(Work to complete)
Lines outside the range are not wanted. Give again exactly the lines between the line holding "Miel de Abejas" and the line holding "Global Times | Indus Appstore | App Icon", inclusive, from the listing below.

┌────────

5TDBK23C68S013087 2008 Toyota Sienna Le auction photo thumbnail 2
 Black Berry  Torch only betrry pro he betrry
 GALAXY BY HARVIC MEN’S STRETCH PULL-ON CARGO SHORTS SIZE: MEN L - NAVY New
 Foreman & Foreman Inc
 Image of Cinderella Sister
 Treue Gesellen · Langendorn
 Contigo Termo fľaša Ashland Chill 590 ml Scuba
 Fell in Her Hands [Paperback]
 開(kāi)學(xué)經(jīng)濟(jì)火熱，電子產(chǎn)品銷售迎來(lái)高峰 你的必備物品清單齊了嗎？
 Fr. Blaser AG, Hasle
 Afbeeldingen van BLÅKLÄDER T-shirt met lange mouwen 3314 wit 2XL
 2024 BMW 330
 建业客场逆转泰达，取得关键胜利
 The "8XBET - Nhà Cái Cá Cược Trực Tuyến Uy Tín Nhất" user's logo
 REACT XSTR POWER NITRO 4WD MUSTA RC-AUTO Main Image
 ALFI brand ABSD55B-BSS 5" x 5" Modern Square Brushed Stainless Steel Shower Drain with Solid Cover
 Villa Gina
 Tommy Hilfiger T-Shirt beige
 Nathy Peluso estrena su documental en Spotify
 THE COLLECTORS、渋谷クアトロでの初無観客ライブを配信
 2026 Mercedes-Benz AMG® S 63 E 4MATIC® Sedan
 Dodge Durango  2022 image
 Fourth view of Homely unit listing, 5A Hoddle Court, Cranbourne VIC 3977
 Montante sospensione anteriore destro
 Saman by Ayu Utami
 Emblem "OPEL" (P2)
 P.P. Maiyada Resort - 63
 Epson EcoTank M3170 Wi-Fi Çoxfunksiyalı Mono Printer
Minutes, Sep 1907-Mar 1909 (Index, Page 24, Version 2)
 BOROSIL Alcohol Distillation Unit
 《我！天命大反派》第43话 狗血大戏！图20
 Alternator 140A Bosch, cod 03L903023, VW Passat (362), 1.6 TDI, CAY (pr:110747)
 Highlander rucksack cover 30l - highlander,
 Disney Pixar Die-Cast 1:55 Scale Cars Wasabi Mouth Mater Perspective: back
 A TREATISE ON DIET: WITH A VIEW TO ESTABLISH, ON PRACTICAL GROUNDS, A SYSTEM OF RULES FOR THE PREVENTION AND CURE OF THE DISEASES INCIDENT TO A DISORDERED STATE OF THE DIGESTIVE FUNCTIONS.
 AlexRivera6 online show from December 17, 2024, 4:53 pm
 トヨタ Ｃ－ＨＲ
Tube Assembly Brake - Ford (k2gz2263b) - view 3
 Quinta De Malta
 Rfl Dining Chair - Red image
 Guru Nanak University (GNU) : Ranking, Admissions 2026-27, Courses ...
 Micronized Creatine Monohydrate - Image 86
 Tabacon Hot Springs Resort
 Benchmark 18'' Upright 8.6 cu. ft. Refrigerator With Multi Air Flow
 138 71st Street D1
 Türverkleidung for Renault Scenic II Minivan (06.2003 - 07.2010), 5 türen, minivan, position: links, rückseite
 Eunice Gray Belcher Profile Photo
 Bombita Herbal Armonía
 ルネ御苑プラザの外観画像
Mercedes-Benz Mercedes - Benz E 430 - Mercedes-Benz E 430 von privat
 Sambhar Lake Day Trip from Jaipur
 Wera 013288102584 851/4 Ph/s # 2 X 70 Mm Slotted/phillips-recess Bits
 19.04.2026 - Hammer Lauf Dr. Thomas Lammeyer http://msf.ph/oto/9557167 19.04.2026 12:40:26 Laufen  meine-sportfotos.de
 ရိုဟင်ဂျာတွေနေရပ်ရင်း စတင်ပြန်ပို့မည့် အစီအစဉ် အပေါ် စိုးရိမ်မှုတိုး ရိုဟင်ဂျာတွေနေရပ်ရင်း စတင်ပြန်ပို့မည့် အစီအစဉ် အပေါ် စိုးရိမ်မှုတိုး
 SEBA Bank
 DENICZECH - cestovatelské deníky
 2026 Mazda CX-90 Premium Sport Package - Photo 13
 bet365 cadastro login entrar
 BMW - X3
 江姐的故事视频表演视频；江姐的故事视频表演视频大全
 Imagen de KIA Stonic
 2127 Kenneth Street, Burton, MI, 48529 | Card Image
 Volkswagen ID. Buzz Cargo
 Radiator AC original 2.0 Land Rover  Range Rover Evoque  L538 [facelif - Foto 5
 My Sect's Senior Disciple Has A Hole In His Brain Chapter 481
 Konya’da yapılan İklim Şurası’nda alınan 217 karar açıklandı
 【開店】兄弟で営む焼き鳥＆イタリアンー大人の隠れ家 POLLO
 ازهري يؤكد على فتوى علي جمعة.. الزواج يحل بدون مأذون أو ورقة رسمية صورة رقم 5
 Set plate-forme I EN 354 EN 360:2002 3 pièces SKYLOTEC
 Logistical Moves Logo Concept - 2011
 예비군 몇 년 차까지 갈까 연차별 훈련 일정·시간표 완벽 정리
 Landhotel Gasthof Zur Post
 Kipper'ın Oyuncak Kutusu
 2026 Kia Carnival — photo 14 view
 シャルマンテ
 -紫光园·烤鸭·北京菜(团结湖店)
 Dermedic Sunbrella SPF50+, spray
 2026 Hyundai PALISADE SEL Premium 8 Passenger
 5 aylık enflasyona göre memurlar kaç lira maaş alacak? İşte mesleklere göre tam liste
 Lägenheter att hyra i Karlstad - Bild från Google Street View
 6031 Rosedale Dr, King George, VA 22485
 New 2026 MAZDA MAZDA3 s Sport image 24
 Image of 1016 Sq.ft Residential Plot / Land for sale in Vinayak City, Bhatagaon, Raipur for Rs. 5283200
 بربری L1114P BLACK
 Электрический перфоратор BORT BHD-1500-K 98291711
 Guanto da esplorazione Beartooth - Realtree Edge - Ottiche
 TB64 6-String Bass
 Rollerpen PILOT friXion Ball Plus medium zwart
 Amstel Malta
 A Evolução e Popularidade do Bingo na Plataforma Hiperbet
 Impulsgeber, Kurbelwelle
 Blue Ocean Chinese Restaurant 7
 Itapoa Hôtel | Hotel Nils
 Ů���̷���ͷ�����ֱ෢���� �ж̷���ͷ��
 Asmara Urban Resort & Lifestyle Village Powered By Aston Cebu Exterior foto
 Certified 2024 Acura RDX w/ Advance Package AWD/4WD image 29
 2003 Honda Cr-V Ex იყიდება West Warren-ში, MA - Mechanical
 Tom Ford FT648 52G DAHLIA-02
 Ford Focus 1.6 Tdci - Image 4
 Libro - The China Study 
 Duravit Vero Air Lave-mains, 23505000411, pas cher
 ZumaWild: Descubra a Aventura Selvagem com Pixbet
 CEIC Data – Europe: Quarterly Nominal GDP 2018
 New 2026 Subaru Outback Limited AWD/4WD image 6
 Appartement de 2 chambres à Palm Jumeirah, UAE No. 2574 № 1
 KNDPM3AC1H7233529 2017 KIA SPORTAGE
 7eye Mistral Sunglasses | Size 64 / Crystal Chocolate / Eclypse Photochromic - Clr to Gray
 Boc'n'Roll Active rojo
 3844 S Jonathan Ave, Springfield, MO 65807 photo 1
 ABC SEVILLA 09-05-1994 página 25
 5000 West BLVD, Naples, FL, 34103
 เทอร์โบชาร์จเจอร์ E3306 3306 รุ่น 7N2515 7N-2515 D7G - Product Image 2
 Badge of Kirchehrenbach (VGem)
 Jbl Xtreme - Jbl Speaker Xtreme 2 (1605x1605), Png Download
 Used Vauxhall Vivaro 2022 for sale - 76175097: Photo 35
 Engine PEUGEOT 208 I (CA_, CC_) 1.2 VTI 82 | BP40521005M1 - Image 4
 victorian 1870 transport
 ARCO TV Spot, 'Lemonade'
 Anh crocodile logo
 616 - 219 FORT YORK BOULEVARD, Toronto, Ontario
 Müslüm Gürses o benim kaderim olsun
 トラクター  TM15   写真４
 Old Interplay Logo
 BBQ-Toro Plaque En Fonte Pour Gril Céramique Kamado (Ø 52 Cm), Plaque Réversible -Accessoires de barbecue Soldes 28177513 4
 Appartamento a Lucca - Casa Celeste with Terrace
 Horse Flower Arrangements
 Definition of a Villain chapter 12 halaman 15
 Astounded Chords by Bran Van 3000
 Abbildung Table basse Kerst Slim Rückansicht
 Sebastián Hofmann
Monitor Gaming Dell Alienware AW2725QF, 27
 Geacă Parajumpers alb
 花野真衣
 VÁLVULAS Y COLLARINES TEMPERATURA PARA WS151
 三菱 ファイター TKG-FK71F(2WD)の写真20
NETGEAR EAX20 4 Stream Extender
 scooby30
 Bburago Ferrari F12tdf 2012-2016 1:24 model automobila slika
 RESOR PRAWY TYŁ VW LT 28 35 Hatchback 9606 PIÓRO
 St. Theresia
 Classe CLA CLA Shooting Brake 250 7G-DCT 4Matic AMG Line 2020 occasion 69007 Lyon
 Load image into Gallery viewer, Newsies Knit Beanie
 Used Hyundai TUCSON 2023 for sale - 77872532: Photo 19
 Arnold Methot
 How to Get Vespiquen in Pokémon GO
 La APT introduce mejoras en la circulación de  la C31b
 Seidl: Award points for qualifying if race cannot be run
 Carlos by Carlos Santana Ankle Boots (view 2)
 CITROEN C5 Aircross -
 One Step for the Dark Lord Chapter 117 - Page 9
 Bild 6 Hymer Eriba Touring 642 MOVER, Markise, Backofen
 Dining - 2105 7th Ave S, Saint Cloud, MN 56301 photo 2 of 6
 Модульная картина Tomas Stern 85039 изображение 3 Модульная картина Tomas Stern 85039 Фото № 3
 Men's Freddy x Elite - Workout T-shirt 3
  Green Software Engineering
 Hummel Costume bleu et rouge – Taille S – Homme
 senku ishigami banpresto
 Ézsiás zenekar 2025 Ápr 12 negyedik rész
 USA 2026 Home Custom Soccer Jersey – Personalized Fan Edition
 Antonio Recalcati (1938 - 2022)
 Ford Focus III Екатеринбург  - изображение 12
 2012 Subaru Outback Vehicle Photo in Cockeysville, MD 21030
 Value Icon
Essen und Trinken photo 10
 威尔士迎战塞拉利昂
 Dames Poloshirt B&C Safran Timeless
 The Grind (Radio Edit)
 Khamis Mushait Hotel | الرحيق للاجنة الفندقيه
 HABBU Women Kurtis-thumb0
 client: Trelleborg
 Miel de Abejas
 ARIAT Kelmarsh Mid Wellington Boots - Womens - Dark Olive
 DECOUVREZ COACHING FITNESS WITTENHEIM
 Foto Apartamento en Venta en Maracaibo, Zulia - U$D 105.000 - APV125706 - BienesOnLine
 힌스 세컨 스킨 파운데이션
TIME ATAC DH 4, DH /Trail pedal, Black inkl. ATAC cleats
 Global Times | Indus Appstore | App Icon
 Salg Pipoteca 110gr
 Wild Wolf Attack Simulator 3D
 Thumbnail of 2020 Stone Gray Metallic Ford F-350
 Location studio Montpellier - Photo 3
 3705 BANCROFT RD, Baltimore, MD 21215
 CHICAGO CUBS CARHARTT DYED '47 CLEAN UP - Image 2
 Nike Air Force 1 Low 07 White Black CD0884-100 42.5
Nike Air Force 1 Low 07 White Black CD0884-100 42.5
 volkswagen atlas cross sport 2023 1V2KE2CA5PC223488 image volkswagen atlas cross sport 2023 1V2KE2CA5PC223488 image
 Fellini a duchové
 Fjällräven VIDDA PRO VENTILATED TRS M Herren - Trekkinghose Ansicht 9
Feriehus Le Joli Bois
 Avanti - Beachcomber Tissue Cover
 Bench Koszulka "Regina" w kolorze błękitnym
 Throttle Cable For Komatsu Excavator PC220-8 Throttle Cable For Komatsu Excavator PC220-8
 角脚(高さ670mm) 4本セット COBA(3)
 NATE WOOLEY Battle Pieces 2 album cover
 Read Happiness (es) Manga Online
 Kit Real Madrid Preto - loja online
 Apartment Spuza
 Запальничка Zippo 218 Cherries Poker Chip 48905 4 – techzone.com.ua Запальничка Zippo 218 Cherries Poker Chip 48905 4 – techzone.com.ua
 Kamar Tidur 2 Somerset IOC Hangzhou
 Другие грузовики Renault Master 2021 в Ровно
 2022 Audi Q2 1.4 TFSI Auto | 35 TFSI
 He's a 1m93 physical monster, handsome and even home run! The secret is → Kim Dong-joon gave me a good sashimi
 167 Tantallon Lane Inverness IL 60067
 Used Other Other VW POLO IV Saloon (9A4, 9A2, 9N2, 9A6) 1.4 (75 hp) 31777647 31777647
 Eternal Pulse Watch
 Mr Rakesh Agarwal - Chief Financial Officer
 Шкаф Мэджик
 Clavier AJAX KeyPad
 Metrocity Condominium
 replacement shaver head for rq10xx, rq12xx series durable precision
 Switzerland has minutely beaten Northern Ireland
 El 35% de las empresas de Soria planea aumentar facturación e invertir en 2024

└────────

(Answer below)
 Miel de Abejas
 ARIAT Kelmarsh Mid Wellington Boots - Womens - Dark Olive
 DECOUVREZ COACHING FITNESS WITTENHEIM
 Foto Apartamento en Venta en Maracaibo, Zulia - U$D 105.000 - APV125706 - BienesOnLine
 힌스 세컨 스킨 파운데이션
TIME ATAC DH 4, DH /Trail pedal, Black inkl. ATAC cleats
 Global Times | Indus Appstore | App Icon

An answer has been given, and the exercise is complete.